The problem: Write out the lines of the material below exactly, beginning at the line with "Oki B930n User Manual | 155 pages" and stopping after the line with "Barefoot in the", and leave out the pictures.

Records for processing:
——
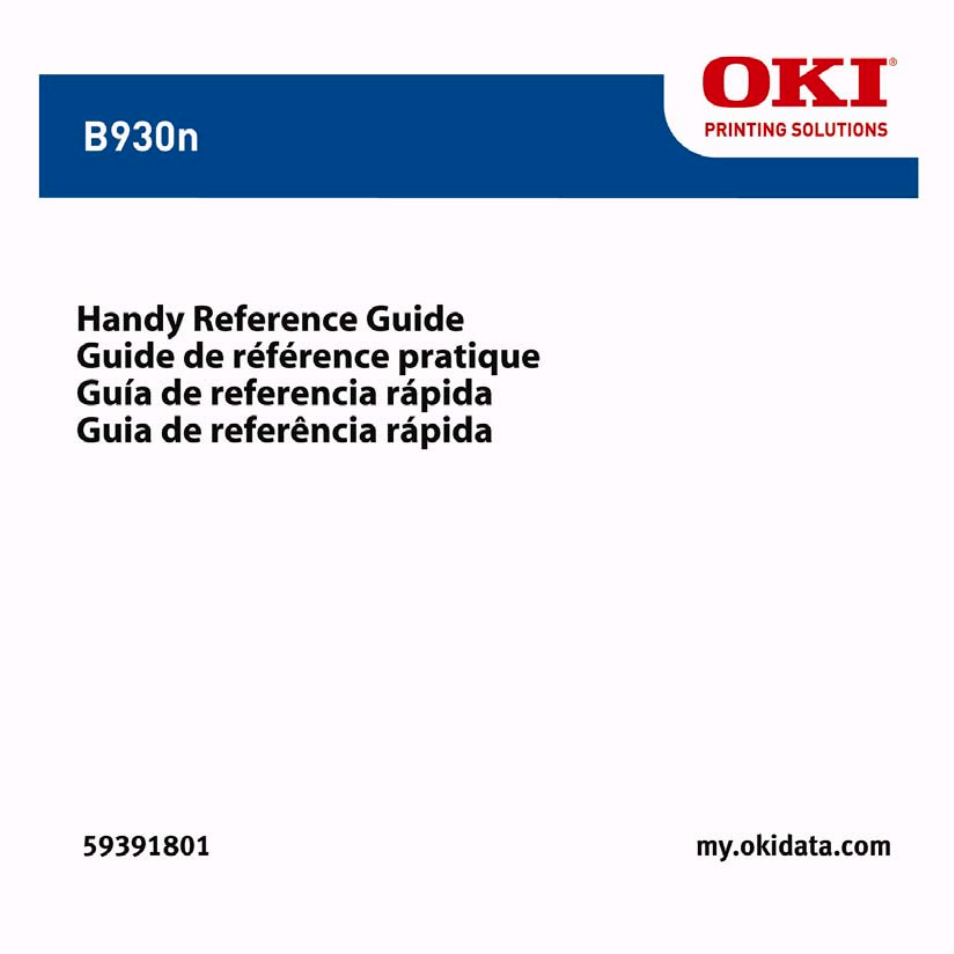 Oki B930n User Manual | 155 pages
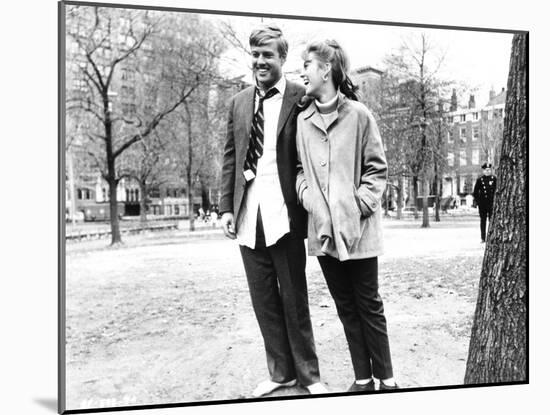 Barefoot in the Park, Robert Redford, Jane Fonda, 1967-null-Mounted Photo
——
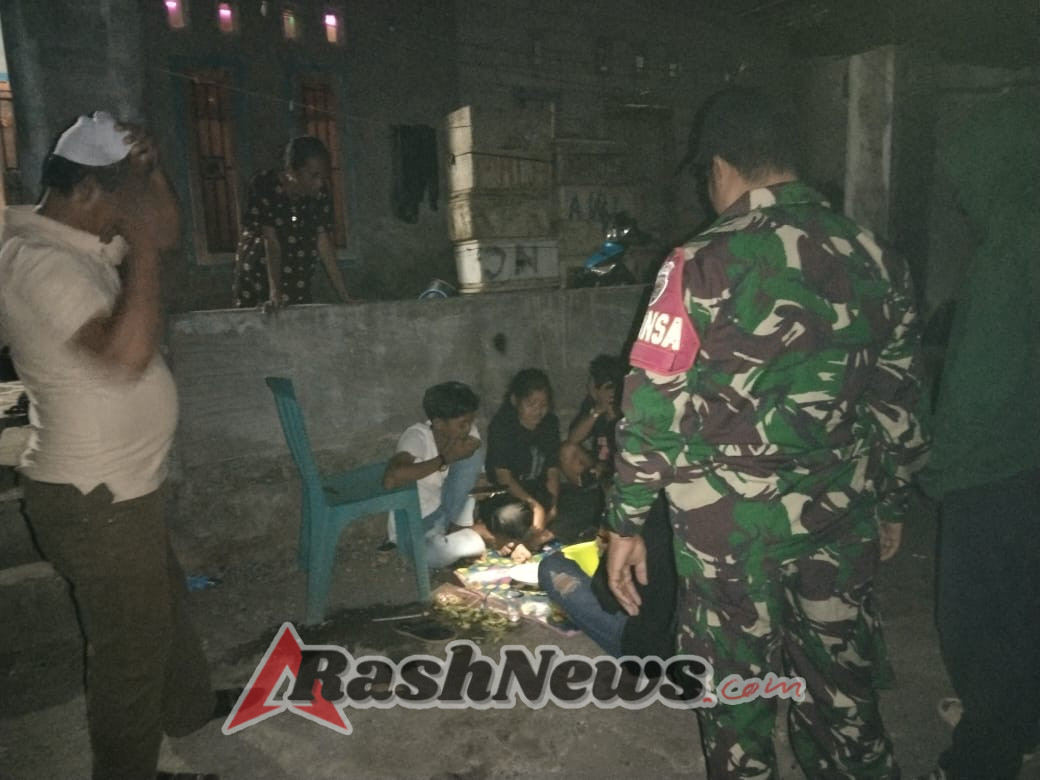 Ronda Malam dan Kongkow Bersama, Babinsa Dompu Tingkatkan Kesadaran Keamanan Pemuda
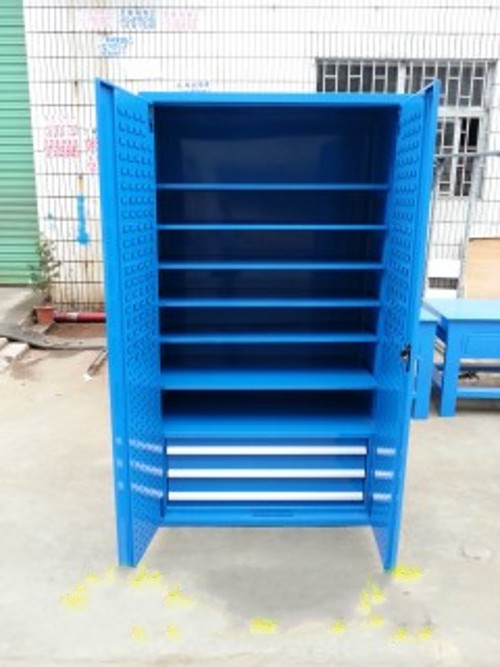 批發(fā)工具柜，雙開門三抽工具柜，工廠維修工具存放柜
——
Exercise answer:
 Oki B930n User Manual | 155 pages
 Barefoot in the Park, Robert Redford, Jane Fonda, 1967-null-Mounted Photo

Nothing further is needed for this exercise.